Otto reached out a hand to her but when her fingers touched his, he startled. The tentacles rose to watch her, mouths slightly open. Did they understand? She came close and they wreathed around her as he drew her into his arms.

Fingertips caressing her cheek, he looked down into her bright hazel eyes.

_Rosie, how?_

_You needed me._

_It can’t be real. You’re gone. The glass – I killed you._

_I forgive you._

An expression of wonder came over her face as she took in the tentacles. When they moved, one of them opening its mouth behind her with a mechanical hiss, the expression turned to fear.

_They won’t hurt you. I’m … bonded to them now; they’ve changed me..._

Her fingers brushed the thick hair from his forehead. _You look the same to me._

His arms crushed her to him, a soft sound of pain escaping his lips as they lowered gently to hers.

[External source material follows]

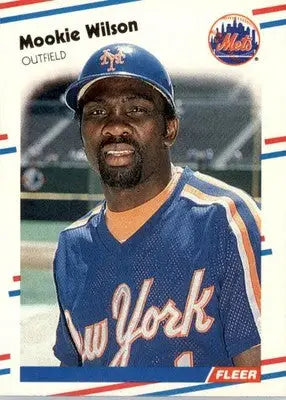 Mookie Wilson - 1988 Fleer - #154 - Baseball - Baseball Card Single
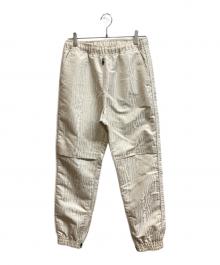 JOHN LAWRENCE SULLIVAN（ジョン ローレンス サリバン）の古着「Moire jacquard track pants」｜ホワイト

_My God, Rosalie… I’m so sorry – but I love you … beyond death._

************************************************************

Rooke’s mind reeled as the man kissed the psychic mask she wore. She didn’t need Chuck Xavier to tell her the simulacrum of the woman was all that kept her from being attacked and driven out of his mind. She would have to be careful.

The sight of the four monstrous things, obviously the other sentient beings, shocked her. She had thought he might suffer from multiple personalities but the truth was stunning.

She knew who he was – had heard of him. The press had dubbed him ‘Doctor Octopus’, a title that needed no explanation. How many times, as she lay in her hospital bed in New York City, had she listened to other thoughts as they trembled in fear of this man?

Rooke smiled. She didn’t care which side of the law he was on. He’d been against Spider-Man, and that was good enough for her. The X-Men, the web-slinger, and the man she hated beyond anything else – Magneto – it was their fault that her life had been ruined.

Cold metal stroked her side and with a guilty pang she focused again on where she was. One of his metal arms was caressing her body with its dog-like muzzle.

_Kinky. Does he realize it?_

Turning her concentration on the Doc, she was amazed at the strong undercurrent of emotion his mind was bathing her in. Yet she couldn’t touch it or feel it directly while keeping her own mind safely independent of his.

Curiosity and temptation twined inside her. She wanted to experience the things that passed around her psychic image like mist. What had Xavier said? Names – names were the magic word. Hunting through her stolen memories, she found it.

 _Otto,_ her mind whispered to his, the slightest fear riding her thoughts. _I have missed you..._

She gasped when he responded, his powerful mind pulling her into its influence. In a flash, it was all there – the love, remorse, and starved desire – in stark and drowning sensations.

 _Don’t be afraid,_ he told her, his lips at her neck, just under her left ear.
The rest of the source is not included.